The album’s legendary eight-minute opening track, “Keep On”, and the breathtakingly beautiful “Errors” showcase the absolute genius of Alfa’s structural matrix. The rhythm section operates in a slow, hypnotic hip-hop pocket, allowing the bass to breathe and the drums to accent the gaps. Over this cushion, Alfa’s piano chords function like an emotional anchor, deploying rich minor 9th and 11th intervals that feel incredibly warm yet devastatingly sad. Suddenly, a roaring, post-bop trumpet solo by Ife Ogunjobi or a fluid guitar line by Mansur Brown cuts through the arrangement, creating a magnificent tension between underground street-beats and high-art modal improvisation.
The Low-Fidelity Prophesy Across the Modern Latitude
True to the forward-thinking, borderless spirit of Jazz Latitude, Alfa Mist’s rapid ascension proves that the future of jazz is completely decentralized, independent, and boundary-blind.
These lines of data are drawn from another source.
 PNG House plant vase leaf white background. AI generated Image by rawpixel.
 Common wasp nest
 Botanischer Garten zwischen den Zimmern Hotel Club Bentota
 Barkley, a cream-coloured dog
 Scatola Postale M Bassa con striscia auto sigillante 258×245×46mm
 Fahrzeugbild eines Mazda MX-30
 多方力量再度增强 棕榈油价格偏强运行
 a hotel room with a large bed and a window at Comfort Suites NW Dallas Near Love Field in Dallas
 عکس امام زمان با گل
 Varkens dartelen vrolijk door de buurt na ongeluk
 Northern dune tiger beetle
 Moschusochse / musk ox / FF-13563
Boasting sold-out global tours from London to Tokyo and collaborating with everyone from the London Contemporary Orchestra to hip-hop vanguard figures, he has bridged the gap between the street beatmaker and the orchestral composer.
Alfa Mist has stamped a deep, indigo-tinted coordinate on our map—a beautiful, swinging reminder to the universe that when raw hip-hop instincts align themselves with the boundless, improvisational depth of jazz piano, the music completely sheds its old-world elitism to become a cinematic voice for a brand new generation.